I find that these testimonials are important to help change the corrupt and rotten financial culture that surrounds our society. The sad part is that a company like Goldman Sachs has far too much power and controls not only the wealth of the wealthier, but also the wealth of independent countries. After the 2008 collapse, independent States all over the world have injected huge amounts of tax payers' money to cover for the blatant mistakes and greed of Goldman Sachs (and others). Now the people of the more vulnerable States, which little industrial and productive power, are being sacrificed so that this spiral of lunacy can continue. As a citizen of one of these countries that is being sacrificed - Portugal - I demand that my elected leaders stop pampering for these lunatic companies like Goldman Sachs and stop imposing harsh austerity measures that will lead us nowhere and will only destroy the social fabric of our country. However, I fear that this will not happen, because as we saw in Italy and Greece, when elected leaders stop cooperating with these powers they are simply replaced by former Goldman Sachs executives...sad world we are living in.

John W.Philadelphia
Brave man -- its one of the hardest things to do to rebel against culture like this at a company. Sometimes you have to publicly resign in order to make a point, and its good to hear the truth about what is really happening now at these firms. I am not sure many are going to exist soon (we've already lost many, like Bear Stearns), and I am not sure thats a bad thing. Power without any ethics or morality is always a dangerous thing, and these companies wield enormous influence over our banking system.

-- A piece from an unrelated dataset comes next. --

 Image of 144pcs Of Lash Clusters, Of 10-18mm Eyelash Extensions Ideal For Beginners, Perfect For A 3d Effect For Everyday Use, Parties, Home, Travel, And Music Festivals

I don't think things have changed that much at GS in the last 12 years. He must have joined right after the internet bubble collapsed, which GS was a big part of, hyping companies that had no real business plan. And then they moved right on to double-dealing toxic mortgage products. So the only thing that might have changed in the last 12 years isn't GS' culture but Mr. Smith's assessment of that culture.
The thing that really changed GS is the change from a partnership to a public company in 1999, just before Mr. Smith joined. Suddenly, the risks are off-loaded from leadership to shareholders, quarterly earnings become the focus, and management is free to wheel & deal any way they want to with little consequence to them. That has created a huge moral hazard and nothing is being done to control that.

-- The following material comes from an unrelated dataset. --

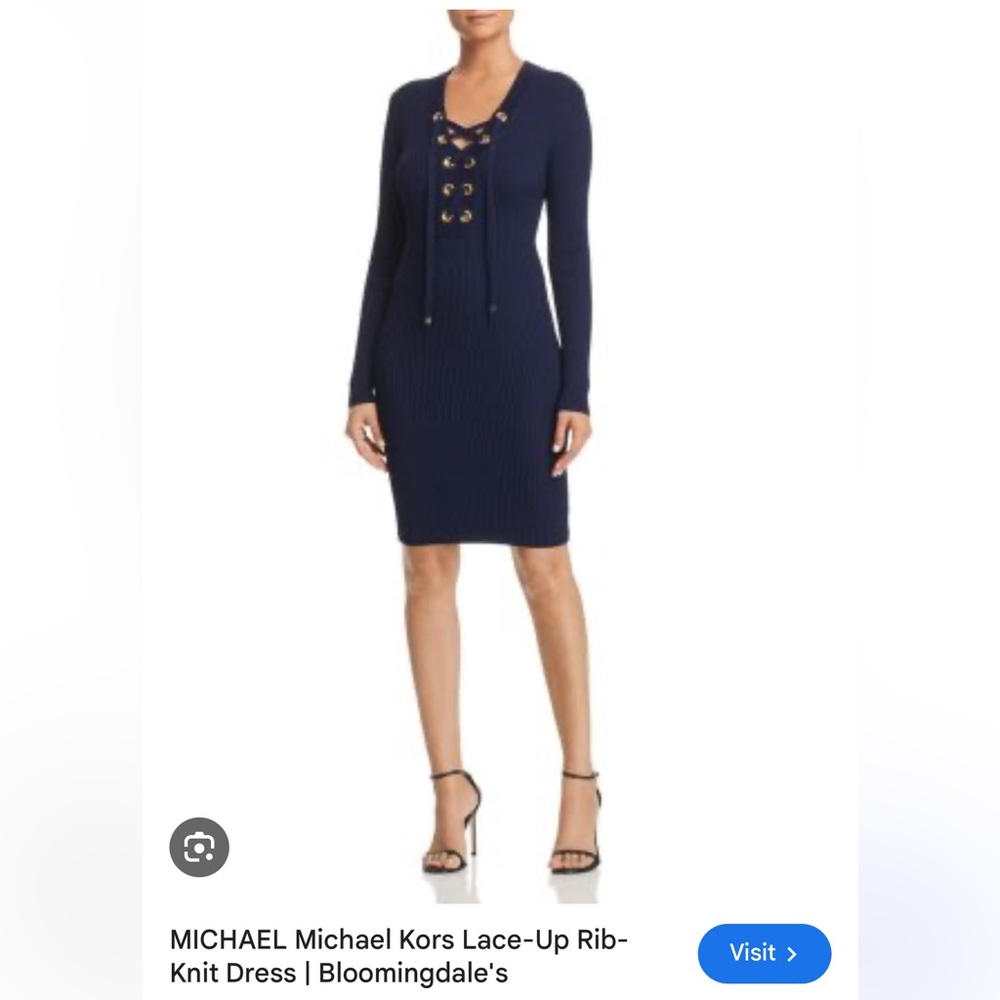 Michael Kors Lace Up True Navy Dress. XS. EUC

Katherine in PAPhiladelphia, PA
This is what happens when traders (many of whom would step on their grandmother for a profit) take over a firm that is basically a relationship business. Bravo to Mr. Smith for pulling back to curtain on this toxic enterprise that absolutely used to be one of the most respected firms on the planet. No more. Matt Taibbi had it exactly right with his "vampire squid" description. Washington: Are you listening? Isn't it high time to put some of these hot shots away?


There was a time when I aspired to be a client of Goldman Sachs. As the 2008 story unfolded, it became clear that your former company had taken a turn away from serving customers and, more importantly, from being a good corporate citizen. This "disease," as many have reported, continues to infect our economy and to shake our trust in financial institutions. We have a a fear of what you have confirmed: that we can't trust our money to them. Once on deposit, it ceases to be our money and becomes theirs for the taking. In most industries, leaders know that once the customers become secondary, the business compact is broken. Thank you for speaking out.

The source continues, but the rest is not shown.